### Exercise
Please copy exactly the lines that begin with the one containing "this 1270×952 image." and end with the last line of the entries.

### Records for this exercise
....
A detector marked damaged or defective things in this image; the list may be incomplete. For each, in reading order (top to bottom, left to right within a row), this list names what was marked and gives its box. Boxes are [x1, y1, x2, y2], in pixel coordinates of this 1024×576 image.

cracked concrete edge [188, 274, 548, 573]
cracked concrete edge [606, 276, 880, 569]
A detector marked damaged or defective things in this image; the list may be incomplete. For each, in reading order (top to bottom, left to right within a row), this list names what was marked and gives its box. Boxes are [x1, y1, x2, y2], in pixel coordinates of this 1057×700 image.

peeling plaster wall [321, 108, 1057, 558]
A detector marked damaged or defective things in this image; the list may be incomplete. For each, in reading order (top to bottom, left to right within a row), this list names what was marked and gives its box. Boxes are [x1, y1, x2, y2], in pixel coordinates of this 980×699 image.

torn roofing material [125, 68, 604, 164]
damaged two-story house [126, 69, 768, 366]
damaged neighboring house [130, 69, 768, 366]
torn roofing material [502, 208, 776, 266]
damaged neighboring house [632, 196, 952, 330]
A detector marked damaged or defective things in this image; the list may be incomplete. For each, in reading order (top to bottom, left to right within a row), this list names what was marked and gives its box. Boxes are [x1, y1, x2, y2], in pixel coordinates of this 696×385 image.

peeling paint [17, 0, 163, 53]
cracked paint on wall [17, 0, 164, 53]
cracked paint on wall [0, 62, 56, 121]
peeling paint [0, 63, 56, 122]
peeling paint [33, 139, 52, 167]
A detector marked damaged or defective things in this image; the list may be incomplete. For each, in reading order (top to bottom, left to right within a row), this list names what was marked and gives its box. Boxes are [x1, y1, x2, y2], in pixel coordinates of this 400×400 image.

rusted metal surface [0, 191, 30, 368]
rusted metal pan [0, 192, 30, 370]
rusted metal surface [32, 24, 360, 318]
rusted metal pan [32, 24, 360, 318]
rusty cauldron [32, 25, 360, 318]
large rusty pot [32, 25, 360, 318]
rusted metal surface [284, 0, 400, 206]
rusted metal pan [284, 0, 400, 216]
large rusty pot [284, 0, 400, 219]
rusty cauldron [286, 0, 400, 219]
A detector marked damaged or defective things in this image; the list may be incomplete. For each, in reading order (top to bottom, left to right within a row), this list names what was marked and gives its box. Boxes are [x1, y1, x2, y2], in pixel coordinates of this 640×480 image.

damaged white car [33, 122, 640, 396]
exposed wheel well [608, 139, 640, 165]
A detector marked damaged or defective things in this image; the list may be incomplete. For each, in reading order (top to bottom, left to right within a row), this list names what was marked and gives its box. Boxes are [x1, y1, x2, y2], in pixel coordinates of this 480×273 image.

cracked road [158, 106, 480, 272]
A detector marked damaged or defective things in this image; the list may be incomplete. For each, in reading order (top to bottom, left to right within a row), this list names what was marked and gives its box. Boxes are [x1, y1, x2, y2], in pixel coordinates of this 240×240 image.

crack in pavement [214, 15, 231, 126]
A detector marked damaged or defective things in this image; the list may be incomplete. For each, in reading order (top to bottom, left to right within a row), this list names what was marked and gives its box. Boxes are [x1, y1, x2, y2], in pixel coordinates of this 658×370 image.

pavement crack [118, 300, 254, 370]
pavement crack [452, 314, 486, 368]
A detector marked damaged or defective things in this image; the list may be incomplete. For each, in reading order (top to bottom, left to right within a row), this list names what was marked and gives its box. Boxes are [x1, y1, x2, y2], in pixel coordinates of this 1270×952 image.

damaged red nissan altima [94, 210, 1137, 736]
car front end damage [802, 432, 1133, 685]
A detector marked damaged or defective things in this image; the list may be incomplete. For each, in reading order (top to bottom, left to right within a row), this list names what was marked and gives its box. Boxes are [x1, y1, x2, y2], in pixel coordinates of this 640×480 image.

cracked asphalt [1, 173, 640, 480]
....
### Result for this task
A detector marked damaged or defective things in this image; the list may be incomplete. For each, in reading order (top to bottom, left to right within a row), this list names what was marked and gives its box. Boxes are [x1, y1, x2, y2], in pixel coordinates of this 1270×952 image.

damaged red nissan altima [94, 210, 1137, 736]
car front end damage [802, 432, 1133, 685]
A detector marked damaged or defective things in this image; the list may be incomplete. For each, in reading order (top to bottom, left to right within a row), this list names what was marked and gives its box. Boxes are [x1, y1, x2, y2], in pixel coordinates of this 640×480 image.

cracked asphalt [1, 173, 640, 480]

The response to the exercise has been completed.